Lubitz was described by acquaintances in his hometown of Montabaur as a “normal guy” and “nice young man”. “He was a completely normal guy,” Klaus Radke said, the head of the local flight club where Lubitz received his first flying licence years ago.
“He had a lot of friends, he wasn’t a loner,” another member of the club said. “He was integrated in the group. Our club is mostly made up of young people who learn how to fly gliders and then get their licence and then perhaps, like was the case with him, to make the jump into commercial aviation.”
Carsten Spohr, the head of Lufthansa, parent company of Germanwings, told a news conference there was not “the slightest indication what might have led” to his actions.
“In our worst nightmares we could not have imagined that this kind of tragedy could happen to us here at the company,” he said.

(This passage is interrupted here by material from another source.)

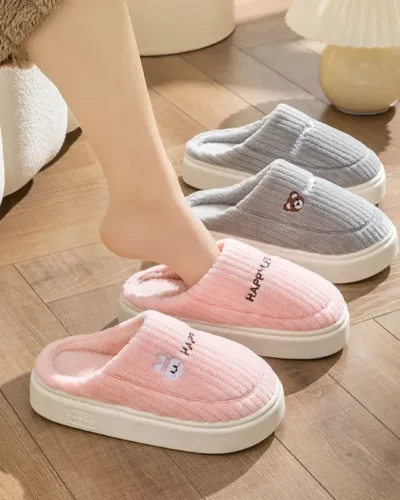 Cotton Slippers for Women Suitable for Home Use Indoor Anti Slip Confinement Shoes Thick Soled Warm for Couples Men Slippers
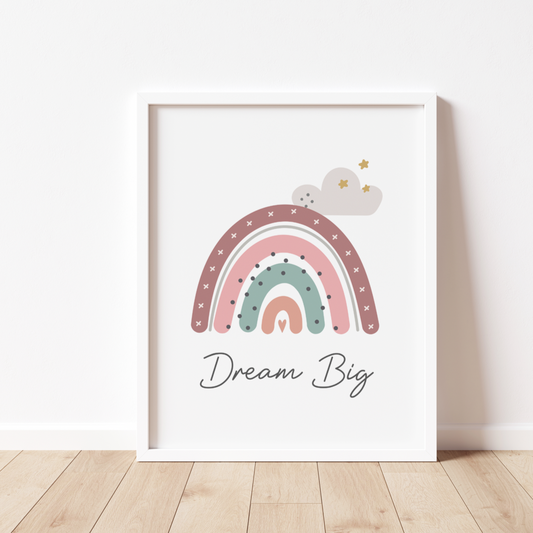DREAM BIG Cute Rainbow Print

According to Mr Spohr, Andreas Lubitz began training as a pilot in 2008 in Bremen, where he was admitted after undergoing thorough psychological testing.
He took a break from his training “for a few months” before graduating in 2012 and working for Lufthansa as a flight attendant as part of his preparation, the Lufthansa boss added.
Cockpit employees are selected “very, very carefully” with much attention paid to their “psychological suitability”, Mr Spohr, himself a former pilot, assured.
“He was 100 per cent airworthy, without reservation.”
I guess I’m forced to give some credibility to the current explanation of the event but I am still unconvinced. There seems to be too many questions unanswered.